Some people find their way into films and sometimes films find their way into people.

Acocks Green director Steve Rainbow has spent 20 years making short films like Quest For Fire, a three-minute search for the hottest curry in the world.

But it’s his experiences of working with the homeless in real life that is helping him to make waves on the silver screen with his first feature, NFA (No Fixed Abode), the story of an ordinary, loving father who wakes up with no home.

Because it leaves a lasting impression on viewers, NFA was well-received at Edinburgh and then at the MAC where it played under the talent-encouraging Departure Lounge series organised by Moseley-based Professor Roger Shannon, the former Birmingham International Film Festival director.

A homeless charity fund raiser, Steve Rainbow is not alone in the approach of using one career to propel himself into the movies.

The next Departure Lounge presentation at the MAC, on Thursday, October 25 from 8.30pm, will be Last Shop Standing – the rollercoaster story of Britain’s independent record shops.

Its Kings Heath-based director, Pip Piper, began his career as a youth worker but realised that his organisational skills would be handy for making films.

Partly financed through ‘crowd-funding’, Blue Hippo Films’ Last Shop Standing has already had a sell-out screening at the Electric Cinema this week, evidence of a renewed sense of vibrancy spreading across the city’s filmmaking landscape.

Another local filmmaker making a big impact is Electric Cinema owner Tom Lawes, whose new film The Last Projectionist – a story about the end of traditional projection combined with a delicious social history of the Electric itself – has been touring the country since June to great acclaim.

The multi-talented Lawes directed, edited, graded and sound mixed the documentary as well as composing the score in order to tell the story of now retired local projectionists like John Brockington and Phil Fawke.

It’s on their shoulders that Lawes, Piper and Rainbow and others like Steffan Aquarone (Tortoise in Love), Debbie Aston (Made in Birmingham) and Michael Baig-Clifford (Turbulence) are now carrying the city’s film heritage forward.

Roger says: “It’s all looking very positive. These producers and directors represent a new generation of challenging filmmakers who are hoping to put Birmingham back on the map from Birmingham itself.”

Steve, who went to Solihull Technical College and has a degree in art, says: “My aim now is to get NFA screened at more festivals and to try to get a short run distribution deal.” Financed by 104 Films, a company named after a city bus route by Sutton Coldfield director Justin Edgar and fellow filmmaker Alex Usborne, NFA only cost £25,000 to make, but it stars Sutton Coldfield’s own Hollywood star Patrick Baladi (The International).

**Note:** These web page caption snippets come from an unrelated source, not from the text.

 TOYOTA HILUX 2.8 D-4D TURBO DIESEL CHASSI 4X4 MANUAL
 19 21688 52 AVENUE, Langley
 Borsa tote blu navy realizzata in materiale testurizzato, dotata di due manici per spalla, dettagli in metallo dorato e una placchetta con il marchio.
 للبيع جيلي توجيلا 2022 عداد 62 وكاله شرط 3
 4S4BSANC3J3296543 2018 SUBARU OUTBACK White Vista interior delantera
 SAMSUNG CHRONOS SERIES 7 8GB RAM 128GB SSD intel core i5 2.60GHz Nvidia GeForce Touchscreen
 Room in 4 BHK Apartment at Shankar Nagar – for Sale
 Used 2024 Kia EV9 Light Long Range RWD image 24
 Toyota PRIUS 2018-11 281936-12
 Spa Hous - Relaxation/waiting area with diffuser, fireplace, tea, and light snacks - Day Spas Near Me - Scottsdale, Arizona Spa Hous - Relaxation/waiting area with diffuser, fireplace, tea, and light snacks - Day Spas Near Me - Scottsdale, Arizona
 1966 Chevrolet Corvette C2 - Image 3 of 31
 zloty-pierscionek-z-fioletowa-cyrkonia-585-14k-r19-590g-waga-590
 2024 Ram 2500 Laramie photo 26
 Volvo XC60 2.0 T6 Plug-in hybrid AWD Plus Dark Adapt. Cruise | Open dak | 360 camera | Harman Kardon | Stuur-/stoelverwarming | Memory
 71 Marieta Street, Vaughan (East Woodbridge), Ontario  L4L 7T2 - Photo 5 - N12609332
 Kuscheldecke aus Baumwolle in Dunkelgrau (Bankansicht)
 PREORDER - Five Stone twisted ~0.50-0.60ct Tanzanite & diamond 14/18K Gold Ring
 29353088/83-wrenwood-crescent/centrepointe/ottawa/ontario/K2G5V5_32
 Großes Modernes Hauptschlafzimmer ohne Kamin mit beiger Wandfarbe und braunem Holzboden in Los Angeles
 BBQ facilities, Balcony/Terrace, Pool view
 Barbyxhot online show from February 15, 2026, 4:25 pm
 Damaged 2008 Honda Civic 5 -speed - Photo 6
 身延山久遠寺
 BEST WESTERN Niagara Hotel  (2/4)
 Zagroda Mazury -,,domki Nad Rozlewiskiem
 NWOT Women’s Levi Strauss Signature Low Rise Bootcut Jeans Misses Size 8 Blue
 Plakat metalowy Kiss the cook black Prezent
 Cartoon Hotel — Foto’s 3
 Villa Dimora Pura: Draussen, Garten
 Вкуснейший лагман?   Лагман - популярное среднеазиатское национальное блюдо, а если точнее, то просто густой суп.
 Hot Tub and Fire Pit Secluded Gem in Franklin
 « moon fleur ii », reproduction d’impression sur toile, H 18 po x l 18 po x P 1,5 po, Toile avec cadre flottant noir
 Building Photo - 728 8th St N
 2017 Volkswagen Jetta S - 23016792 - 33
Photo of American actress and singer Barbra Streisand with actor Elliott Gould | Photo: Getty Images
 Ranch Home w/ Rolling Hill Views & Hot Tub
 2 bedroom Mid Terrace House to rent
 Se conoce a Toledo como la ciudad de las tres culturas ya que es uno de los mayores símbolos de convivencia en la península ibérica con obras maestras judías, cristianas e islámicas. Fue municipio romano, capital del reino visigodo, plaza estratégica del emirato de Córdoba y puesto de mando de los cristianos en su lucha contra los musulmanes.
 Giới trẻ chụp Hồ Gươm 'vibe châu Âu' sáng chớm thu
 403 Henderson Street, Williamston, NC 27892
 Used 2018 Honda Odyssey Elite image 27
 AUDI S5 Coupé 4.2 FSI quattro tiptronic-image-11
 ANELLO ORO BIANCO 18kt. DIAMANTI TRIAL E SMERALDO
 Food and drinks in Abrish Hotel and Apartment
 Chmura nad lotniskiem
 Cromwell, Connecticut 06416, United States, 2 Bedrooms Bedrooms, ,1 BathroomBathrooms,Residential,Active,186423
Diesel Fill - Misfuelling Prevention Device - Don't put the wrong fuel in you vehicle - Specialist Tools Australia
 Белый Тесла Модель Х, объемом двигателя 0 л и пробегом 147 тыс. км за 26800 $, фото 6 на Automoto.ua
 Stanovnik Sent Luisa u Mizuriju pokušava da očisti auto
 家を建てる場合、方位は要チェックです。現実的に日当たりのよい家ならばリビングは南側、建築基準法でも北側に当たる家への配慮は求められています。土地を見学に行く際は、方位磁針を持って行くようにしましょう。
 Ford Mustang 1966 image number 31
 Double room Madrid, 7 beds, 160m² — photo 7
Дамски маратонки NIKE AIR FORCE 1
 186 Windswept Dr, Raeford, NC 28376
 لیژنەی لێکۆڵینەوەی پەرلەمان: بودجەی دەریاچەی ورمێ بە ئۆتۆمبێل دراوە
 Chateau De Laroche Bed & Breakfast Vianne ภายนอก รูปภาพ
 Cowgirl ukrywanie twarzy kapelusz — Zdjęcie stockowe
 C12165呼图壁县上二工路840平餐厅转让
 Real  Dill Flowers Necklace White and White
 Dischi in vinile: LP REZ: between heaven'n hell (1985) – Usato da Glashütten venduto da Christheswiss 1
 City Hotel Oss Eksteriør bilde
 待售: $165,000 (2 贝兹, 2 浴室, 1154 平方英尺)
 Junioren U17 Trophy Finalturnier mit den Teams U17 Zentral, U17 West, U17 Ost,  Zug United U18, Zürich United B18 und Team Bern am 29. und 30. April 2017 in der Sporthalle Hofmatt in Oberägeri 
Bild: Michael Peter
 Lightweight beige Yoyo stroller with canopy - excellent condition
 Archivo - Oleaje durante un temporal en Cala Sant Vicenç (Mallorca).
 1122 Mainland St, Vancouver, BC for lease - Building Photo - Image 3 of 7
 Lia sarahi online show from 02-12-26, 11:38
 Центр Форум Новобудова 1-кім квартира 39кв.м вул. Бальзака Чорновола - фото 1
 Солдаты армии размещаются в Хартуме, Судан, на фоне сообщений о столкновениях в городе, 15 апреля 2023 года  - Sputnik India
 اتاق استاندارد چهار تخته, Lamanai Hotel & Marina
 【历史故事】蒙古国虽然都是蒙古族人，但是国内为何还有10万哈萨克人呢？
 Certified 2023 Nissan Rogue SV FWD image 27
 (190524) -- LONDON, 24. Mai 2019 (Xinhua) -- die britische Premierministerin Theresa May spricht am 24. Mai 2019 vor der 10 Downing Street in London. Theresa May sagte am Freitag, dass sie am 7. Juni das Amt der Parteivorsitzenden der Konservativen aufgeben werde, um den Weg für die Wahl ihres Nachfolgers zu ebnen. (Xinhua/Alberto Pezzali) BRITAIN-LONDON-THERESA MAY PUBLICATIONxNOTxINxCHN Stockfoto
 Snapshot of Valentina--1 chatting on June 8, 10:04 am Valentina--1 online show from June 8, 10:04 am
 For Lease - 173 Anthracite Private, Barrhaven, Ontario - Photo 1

Steve, who has a nine-year-old daughter, Ruby, says: “The leading character is on screen for 90 per cent of the time, so it was vital that we got the right actor.

“I knew Patrick could pull it off. Making a feature is what I’ve always wanted to do and Justin and Alex just let me get on with directing it, with Justin just turning up on the last day for some free booze!”

His two important lessons are to convince people that you know what you are talking about and to be able to do something worthwhile.

Once he’s up and running on set, Steve likes to work fast.

“If you have ‘got it’ on the first take, then that’s it,” he says.

“And if you can do your work with a smile then you will get a lot more out of people.

“I like to give people their freedom, otherwise why bother hiring actors and a director of photography if you are not going to let them do their job?

“I wanted to put unusual parts of Birmingham on screen and whatever I wanted Film Birmingham gave it to us.”

For his next trick, Steve is planning an ambitious attempt to re-work Hitchcock’s Rear Window in Fun With Caravans, about a man who has broken both legs and can only contact the outside world using computers.

“And I could do that on a shoestring budget,” he says with a twinkle in his eye. “I would always find a way to make it.”

When Steve does, he’ll be following a classic piece of Birmingham film-making history. Hitchcock was given his first directing job by Michael Balcon, the city-born son of Eastern European immigrants who ended up running the Ealing Studios and helping to found BAFTA, as well as paving the way for grandson Daniel Day-Lewis to become the first non-American to win two best actor Oscars.

Proof that somewhere, over the Rainbow... stars will always shine.